● **Work to be completed**
Scan the entries for lines containing the string "Sleeve". Reply with how many there are, and nothing else.

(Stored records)
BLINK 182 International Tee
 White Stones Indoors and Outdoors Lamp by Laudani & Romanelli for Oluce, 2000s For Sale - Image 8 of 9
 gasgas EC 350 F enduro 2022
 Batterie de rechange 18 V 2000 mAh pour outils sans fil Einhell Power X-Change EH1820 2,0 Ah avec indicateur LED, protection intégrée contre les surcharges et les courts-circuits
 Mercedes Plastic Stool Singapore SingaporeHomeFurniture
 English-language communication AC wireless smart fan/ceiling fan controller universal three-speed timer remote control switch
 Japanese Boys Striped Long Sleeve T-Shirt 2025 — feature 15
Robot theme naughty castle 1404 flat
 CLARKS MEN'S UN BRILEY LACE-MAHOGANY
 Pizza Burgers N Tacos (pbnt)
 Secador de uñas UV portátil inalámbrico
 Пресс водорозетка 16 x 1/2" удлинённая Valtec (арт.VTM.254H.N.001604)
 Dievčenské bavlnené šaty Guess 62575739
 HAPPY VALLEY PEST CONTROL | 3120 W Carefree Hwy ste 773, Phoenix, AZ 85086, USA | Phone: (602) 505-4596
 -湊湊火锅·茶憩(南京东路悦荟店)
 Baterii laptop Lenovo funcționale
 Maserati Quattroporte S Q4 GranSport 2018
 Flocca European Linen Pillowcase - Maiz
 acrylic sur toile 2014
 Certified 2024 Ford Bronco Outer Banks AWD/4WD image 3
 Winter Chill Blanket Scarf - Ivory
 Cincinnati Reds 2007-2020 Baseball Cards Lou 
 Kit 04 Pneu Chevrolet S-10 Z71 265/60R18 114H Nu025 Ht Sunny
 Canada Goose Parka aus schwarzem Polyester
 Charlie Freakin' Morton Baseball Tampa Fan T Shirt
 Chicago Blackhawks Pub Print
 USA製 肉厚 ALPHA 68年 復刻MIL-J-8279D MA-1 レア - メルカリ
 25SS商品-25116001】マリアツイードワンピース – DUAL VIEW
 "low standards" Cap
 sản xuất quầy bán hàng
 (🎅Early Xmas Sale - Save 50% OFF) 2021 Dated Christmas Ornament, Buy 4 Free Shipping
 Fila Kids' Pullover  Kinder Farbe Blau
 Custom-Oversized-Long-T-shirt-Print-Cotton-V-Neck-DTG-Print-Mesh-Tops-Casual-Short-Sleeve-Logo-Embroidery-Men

● **Solution to the exercise**
2